In my opinion, Mel has never been an ordinary mom. Or an ordinary anything for that matter. When I found myself as a single mom, Mel kick-started my love of dancing at clubs. At the time, she was a working mom of two kids under three, and I thought she was kind of crazy. I was also amazed that she really did seem to have a well-balanced life. (My two favorite memories are her love of astrological signs, and her trying to get me drunk on Red Bull.)
Fast-forward eight years; she is seriously the poster child for adulting and not adulting at the same time. She balances a job and motherhood, spending time with family and having “girls nights out,” being one with nature and partying in Vegas, supporting her husband’s company… and she does it all with the most sane perspective and calmness to her. It’s like her life is the ultimate yin and yang.
She also started a sweet blog, and wrote a post all about perspective, so you know she’s got some deep thoughts going.
Teaching and Education
Being able to have the capability to grow a human inside you is pretty damn amazing. God knew that women would be badass enough to handle this HUGE part of human evolution. I take that shit with pride! Did I enjoy pregnancy? Not so much. At times it was wonderful, and times I got weirded out by all the little feet and hand ninja moves. THEN, this little alien comes out your body and that is sure as hell not glorious. And now we have to take care of it?

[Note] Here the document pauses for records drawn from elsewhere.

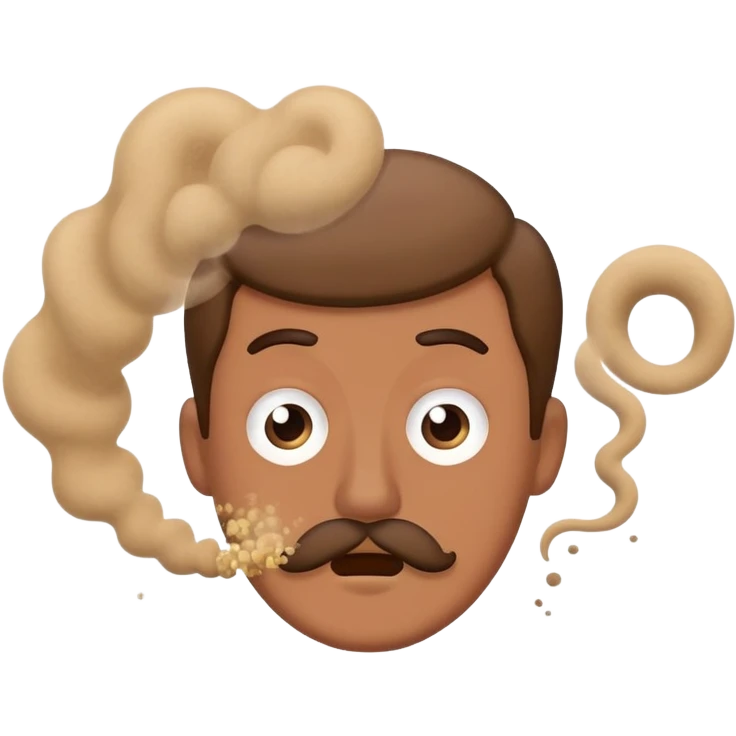 Man with fart dust behind him emoji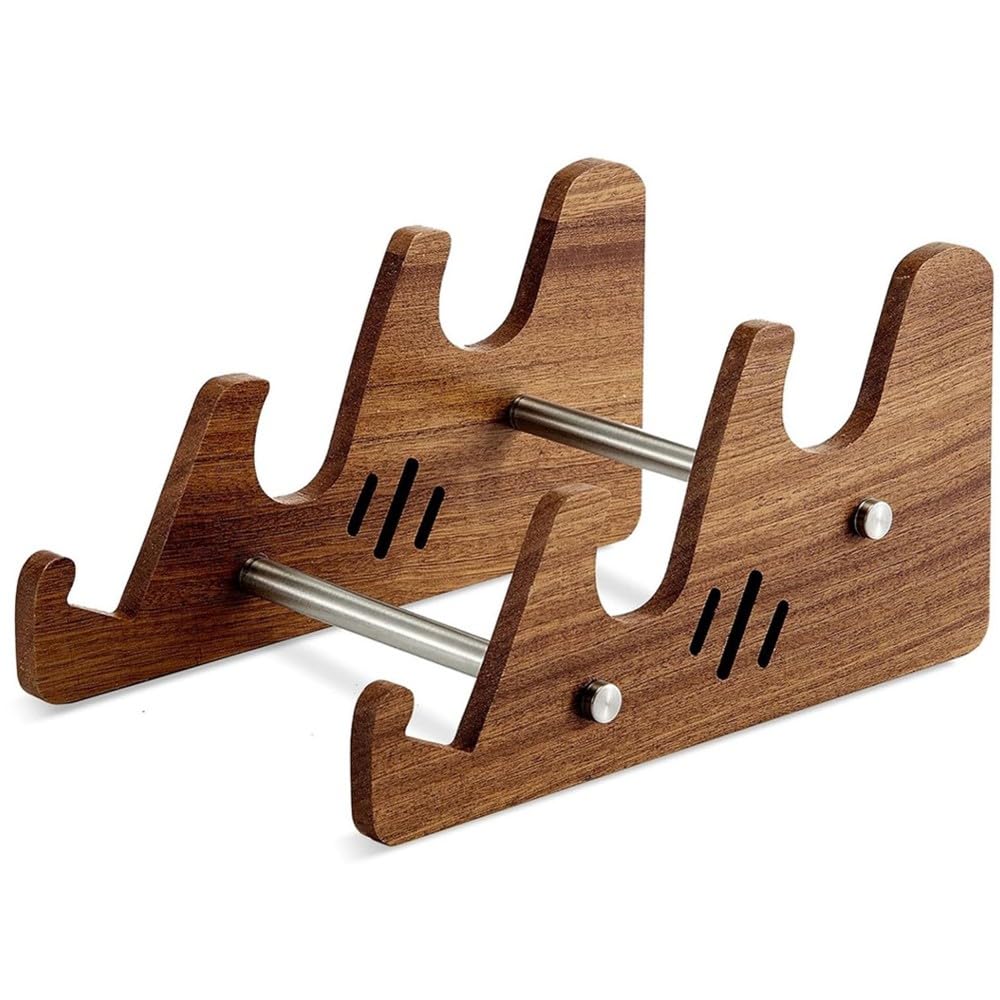 Onchdbfhuu Keyboard Display Stand,3-Tiers Wooden Shelf for Desktop for Desk, Holds Keyboards, for Computer Tablets Pictures Holder
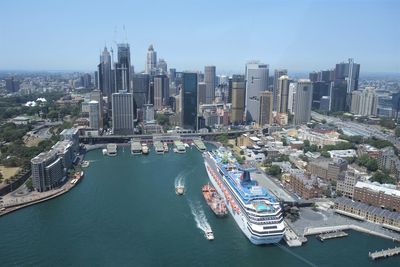 Aerial view of sydney harbour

Motherhood is not easy, nor was it meant to be. It is a gift, and one of the biggest blessings I have in my life. It is also a challenge and a huge lesson. It’s a mix of emotions, and children often teach us as we are teaching them.
As for college, “Your mom goes to college!”
What I think is important is that a woman is always willing to learn. I don’t necessarily believe college indicates an ability to learn, or level of intelligence. Good Will Hunting anyone? Ok, that’s just a movie… But I know so many people who graduated from college and still work 9-5 at the same place I do. But they spent soooo much money and so much time to earn that diploma.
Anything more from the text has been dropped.